18/01/2006 @08:42:22 ^09:59:57
Shot in the face and you're to blame
You give multiplayer co-op a bad name
Poor man's version control
Yesterday I found out what "refactoring" means. This is one of those words that seem to turn up in every discussion about computer programming in which "professionals" participate. It seems like something you're supposed to know about but I didn't.
I found it means basically rewriting your functions so they're split up into different bits, cleaning up parts that are no longer used, etc. For example in Doom there's the face on the status bar. I'd like to put the code that works out which face to display into its own function so I can use it both on the status bar and on the fullscreen HUD in the corner (somebody had this idea on Doomworld and I liked it). This is "refactoring".

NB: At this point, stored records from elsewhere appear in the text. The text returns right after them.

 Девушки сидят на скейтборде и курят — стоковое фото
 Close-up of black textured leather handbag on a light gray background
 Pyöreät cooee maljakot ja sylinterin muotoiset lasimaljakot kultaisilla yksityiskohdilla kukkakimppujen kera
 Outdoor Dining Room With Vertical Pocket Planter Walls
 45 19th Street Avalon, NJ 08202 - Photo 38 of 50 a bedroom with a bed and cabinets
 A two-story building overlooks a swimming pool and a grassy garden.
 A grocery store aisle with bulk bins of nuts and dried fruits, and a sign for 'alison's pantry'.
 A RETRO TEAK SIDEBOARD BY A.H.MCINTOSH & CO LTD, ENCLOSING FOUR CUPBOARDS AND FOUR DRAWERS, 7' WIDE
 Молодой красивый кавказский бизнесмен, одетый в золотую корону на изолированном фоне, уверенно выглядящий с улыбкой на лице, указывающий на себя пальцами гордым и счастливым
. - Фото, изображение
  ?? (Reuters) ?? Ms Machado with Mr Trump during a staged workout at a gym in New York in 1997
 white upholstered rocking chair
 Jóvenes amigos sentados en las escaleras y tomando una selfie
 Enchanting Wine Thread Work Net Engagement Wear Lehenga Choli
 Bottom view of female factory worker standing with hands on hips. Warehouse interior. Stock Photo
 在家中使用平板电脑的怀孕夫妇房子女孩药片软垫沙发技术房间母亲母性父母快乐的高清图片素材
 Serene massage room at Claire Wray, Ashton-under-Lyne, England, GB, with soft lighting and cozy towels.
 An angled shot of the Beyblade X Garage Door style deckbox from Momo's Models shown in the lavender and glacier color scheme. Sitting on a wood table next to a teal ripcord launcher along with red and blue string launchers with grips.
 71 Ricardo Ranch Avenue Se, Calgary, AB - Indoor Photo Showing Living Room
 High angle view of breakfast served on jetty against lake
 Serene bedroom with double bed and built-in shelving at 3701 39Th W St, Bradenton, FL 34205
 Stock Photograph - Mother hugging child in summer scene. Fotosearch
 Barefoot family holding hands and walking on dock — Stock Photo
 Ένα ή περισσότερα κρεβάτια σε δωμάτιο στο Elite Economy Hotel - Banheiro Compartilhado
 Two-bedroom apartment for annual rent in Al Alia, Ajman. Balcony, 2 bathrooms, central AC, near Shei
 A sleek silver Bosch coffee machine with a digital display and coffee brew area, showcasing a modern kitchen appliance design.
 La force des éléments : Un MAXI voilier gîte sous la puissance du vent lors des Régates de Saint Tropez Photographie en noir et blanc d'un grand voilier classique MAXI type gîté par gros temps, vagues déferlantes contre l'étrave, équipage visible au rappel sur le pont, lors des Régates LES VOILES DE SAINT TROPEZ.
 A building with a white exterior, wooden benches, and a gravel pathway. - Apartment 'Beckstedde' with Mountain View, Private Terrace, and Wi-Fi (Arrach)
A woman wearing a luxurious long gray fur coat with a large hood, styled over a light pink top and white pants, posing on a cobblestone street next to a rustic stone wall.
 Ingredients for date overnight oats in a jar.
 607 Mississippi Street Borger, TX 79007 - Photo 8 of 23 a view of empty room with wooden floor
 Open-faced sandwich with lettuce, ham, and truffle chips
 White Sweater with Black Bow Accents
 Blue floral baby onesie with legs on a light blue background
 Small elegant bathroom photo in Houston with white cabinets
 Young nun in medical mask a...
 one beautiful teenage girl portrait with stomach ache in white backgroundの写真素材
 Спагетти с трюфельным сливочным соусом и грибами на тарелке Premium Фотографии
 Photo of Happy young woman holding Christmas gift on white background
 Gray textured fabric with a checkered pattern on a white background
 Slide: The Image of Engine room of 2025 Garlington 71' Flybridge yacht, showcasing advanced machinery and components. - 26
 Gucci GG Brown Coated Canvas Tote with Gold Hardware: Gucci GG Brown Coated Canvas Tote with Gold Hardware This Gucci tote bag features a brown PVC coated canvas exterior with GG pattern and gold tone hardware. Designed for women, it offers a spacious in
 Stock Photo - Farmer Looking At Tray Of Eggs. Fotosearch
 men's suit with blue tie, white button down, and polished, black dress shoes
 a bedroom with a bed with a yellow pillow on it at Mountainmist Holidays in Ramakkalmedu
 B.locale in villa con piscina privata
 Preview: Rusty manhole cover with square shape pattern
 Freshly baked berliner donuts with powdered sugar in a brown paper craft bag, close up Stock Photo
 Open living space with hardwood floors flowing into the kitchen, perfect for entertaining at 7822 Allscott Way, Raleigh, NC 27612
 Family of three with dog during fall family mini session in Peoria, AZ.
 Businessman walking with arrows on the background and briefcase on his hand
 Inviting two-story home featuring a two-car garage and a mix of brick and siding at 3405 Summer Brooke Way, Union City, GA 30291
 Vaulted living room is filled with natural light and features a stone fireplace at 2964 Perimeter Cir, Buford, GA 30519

You do this kind of shit all the time, especially if like me you never design your code properly because you never did some knobby computer science course that taught you how to. But what's happened is, some gargantuan wanker's come along and invented a fancy term for it so he and his wanker buddies can make themselves look clever by using big words. "Agile programming methodologies", ugh.
Another thing is version control, or even more pretentiously, "Source Code Management". I started using svn last year because Prboom upstream does and I wanted the changes made to it since 2.2.6 was released. I decided to use it in which to keep my copy of the prboom source and my changes to it. Since doing so I have realised that all it is is a fancy way of doing something that I've done for years.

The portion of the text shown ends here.